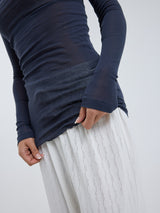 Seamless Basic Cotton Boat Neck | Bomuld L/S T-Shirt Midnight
━━━━━━
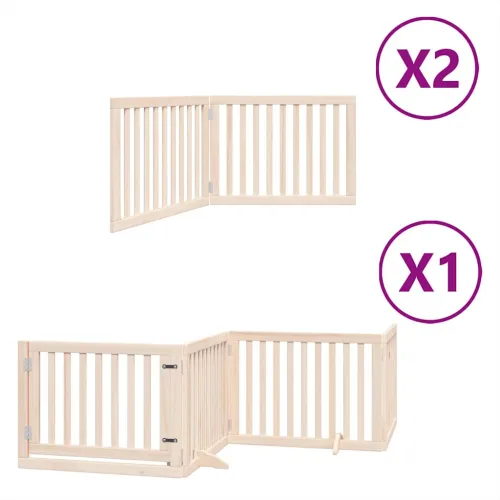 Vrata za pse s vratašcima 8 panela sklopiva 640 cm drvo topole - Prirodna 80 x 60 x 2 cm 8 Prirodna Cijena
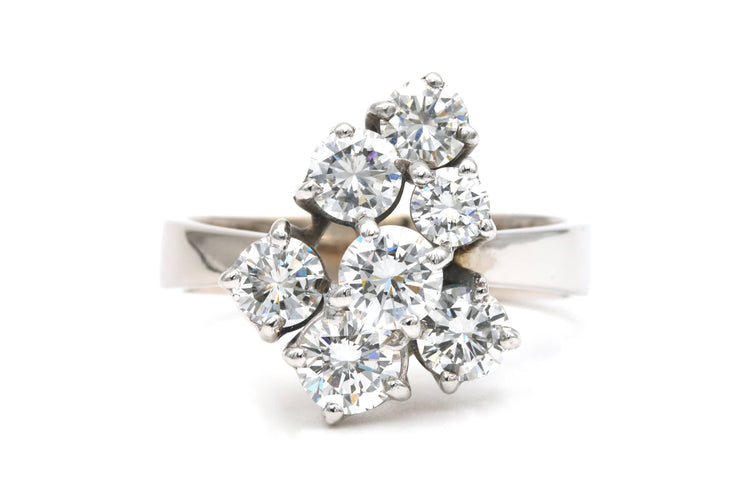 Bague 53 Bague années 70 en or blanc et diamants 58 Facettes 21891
━━━━━━
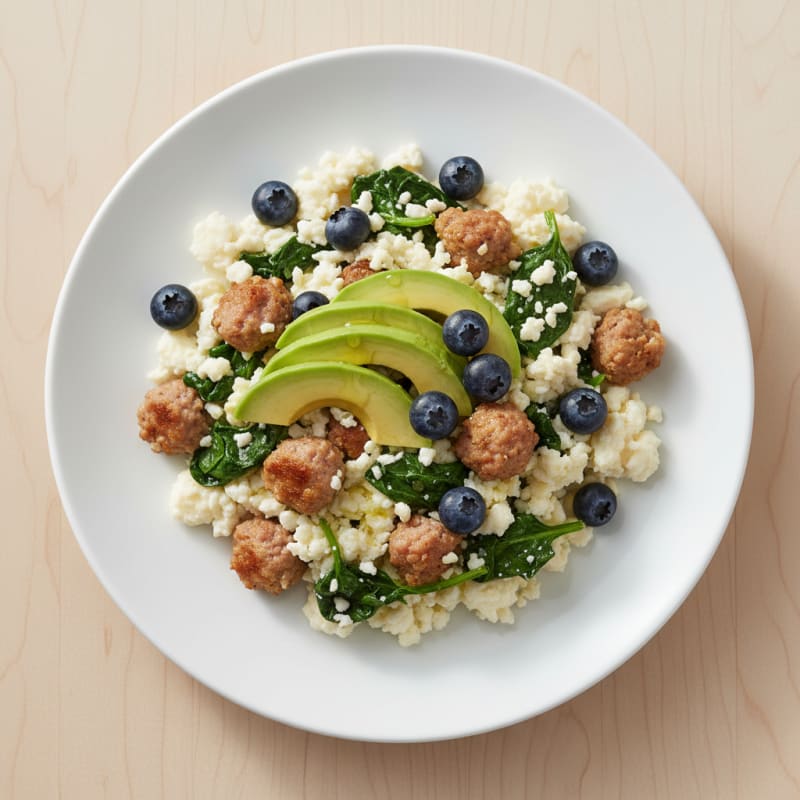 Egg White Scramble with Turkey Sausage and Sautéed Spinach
━━━━━━
### What to work on
After locating "Vrata za pse" and "Bague 53 Bague" in the records above, return exactly the line holding each one and every line between them; leave out the pictures.

### Output below
 Vrata za pse s vratašcima 8 panela sklopiva 640 cm drvo topole - Prirodna 80 x 60 x 2 cm 8 Prirodna Cijena
 Bague 53 Bague années 70 en or blanc et diamants 58 Facettes 21891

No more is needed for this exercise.